In Spite of Myself

It’s been hard to write anything recently. If you’re reading this, you obviously know that I’ve put this whole bitch on lockdown. I did this specifically because I was sort of obsessively checking the stats for the site – I could tell when my ex was reading it and knowing that she was still interested in hearing my thoughts made me feel good. Hopeful, I guess. But I suppose I realized, through conversations with friends and through not ignoring myself, that doing so was very, very bad for me. I’m not sure if privating everything is necessarily better, but it’s something.

I’ve also been busy with work. We’ve been in training for like two weeks and now it’s move-in, and fuck me, there are problems everyday. I’m exhausted. During training, I was doing emotional counseling for like, 4 different people, on top of helping my coworkers with their scheduling, on top of doing the keys for my area, on top of my already sufficient pile of emotional bullshit. I’m tired. My thoughts tend towards my self-harm tendencies more and more recently, I guess as a respite from this encroaching exhaustion. I’m socially drained, I can’t sleep for more than like four hours, and all I really want to do is drink and lay down in the sun somewhere. I want to feel the heat on my skin and the dirt on my back – I want to slowly sink into the soil and decompose and grow into something with less responsibility. I want to get drunk. I want to get a tattoo. I want to get a nose piercing. I want to fuck a stranger. I want to fall in love again. I want to not be me right now.

At the end of the day, I just have to deal with it, which for me means ignoring all of this until it either dissolves or sublimates into something more productive. The only thing stupider than helplessly pining over someone who fucked you over is doing a whole bunch of shit to spite them. How much value should you really give to a person like that, how much sway? Sure, it’s fine for people to be your motivators, but there has to be some reciprocity, I think.

I don’t know. I’ve gotten drunk a lot this week and been very social and it’s been okay, I’ve made some good memories and deepened my relationships with people I’d known for a while. But I guess on nights like this, when all I really want to do is get drunk and find a plot of grass where I can lay undisturbed and cry, everything rings kind of hollow. I really wish I was a person who could have fun and not think too deeply about why I’m trying to do so, how underlying all of my current behaviors is the breakup. How do you separate that? Can you?

I had a long talk with a friend about my fear of people and my disgust with myself, which is all linked to the fact that I cannot separate my underlying motivations from the actions that come from them.
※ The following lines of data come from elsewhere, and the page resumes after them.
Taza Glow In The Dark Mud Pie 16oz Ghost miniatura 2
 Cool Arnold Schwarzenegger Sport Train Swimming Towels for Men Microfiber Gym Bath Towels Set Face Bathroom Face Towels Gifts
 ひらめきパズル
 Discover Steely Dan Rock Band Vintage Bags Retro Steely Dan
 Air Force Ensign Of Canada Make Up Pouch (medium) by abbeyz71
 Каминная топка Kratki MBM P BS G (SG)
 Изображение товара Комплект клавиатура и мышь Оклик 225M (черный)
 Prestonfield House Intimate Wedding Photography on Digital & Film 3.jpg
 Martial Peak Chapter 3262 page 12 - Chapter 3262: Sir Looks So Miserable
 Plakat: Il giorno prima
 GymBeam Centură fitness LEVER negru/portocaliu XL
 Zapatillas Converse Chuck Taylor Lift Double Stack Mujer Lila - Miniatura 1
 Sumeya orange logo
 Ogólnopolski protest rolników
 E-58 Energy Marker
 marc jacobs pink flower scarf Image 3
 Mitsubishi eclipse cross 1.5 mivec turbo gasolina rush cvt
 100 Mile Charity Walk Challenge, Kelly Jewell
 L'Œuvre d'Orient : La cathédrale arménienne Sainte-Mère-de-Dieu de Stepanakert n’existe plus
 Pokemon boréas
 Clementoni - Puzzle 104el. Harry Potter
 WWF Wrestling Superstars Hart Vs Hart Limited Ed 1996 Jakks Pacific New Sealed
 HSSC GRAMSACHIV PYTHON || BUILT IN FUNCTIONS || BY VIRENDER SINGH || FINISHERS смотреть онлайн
No matter what I do, I’m trapped in this idea that it’s all tainted by motivation. I don’t know. It’s sort of miserable.

But what can you do? You either keep going or you kill yourself. I’m still not too interested in that option, so I suppose I’ll just continue chugging along. At some point, I’ll try to work on giving myself more grace for this dissonance between action and motivation, but for the time being, I really just want to sleep for a while.